## Records supplied
▶

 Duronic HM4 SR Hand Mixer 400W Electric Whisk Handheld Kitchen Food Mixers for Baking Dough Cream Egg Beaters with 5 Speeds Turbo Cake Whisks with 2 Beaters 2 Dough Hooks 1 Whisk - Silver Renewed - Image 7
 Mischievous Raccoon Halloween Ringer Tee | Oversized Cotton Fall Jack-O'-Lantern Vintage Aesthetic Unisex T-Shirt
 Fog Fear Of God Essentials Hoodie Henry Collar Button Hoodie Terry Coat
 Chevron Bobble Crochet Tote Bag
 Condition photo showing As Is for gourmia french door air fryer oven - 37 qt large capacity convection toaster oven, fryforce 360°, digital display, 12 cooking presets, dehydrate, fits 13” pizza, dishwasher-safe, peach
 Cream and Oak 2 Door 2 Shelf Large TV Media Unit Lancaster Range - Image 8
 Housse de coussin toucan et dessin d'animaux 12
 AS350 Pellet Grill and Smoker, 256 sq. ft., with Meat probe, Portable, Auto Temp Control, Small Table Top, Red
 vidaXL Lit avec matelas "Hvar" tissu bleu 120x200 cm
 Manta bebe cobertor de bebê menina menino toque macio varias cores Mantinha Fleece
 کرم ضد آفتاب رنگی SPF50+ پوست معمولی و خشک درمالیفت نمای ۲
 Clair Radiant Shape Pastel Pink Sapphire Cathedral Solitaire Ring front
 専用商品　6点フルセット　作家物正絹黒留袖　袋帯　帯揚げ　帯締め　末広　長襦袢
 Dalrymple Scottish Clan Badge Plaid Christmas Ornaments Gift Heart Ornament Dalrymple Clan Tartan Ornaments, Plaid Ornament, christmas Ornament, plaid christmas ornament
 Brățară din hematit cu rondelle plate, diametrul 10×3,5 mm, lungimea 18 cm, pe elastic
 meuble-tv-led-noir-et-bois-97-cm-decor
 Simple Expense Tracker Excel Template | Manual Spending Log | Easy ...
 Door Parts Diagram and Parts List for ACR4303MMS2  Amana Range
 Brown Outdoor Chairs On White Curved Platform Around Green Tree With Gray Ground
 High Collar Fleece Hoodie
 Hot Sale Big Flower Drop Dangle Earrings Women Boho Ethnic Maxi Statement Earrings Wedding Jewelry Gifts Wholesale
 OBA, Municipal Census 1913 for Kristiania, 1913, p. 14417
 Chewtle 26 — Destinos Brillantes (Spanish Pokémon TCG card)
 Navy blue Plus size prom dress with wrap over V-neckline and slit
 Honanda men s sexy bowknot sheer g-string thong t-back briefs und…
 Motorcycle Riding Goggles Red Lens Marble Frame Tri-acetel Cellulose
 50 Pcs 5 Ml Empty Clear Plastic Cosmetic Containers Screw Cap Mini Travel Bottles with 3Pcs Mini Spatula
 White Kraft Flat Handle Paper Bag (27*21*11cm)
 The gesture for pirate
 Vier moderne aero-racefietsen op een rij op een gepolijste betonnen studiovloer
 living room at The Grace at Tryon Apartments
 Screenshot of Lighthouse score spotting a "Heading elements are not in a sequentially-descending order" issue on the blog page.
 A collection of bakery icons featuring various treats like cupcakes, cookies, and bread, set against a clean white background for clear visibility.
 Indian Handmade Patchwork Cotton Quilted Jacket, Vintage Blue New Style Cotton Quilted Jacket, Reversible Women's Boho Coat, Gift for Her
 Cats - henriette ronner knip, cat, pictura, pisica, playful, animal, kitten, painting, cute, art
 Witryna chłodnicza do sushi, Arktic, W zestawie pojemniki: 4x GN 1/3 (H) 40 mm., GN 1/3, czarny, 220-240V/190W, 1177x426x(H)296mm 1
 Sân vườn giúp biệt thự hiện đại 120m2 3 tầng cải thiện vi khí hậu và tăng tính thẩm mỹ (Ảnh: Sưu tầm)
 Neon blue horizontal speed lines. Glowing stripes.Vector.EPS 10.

◀

## Work instructions
Where in the records does the string "Hoodie" appear? Copy every line that has it.

## Expected output
 Fog Fear Of God Essentials Hoodie Henry Collar Button Hoodie Terry Coat
 High Collar Fleece Hoodie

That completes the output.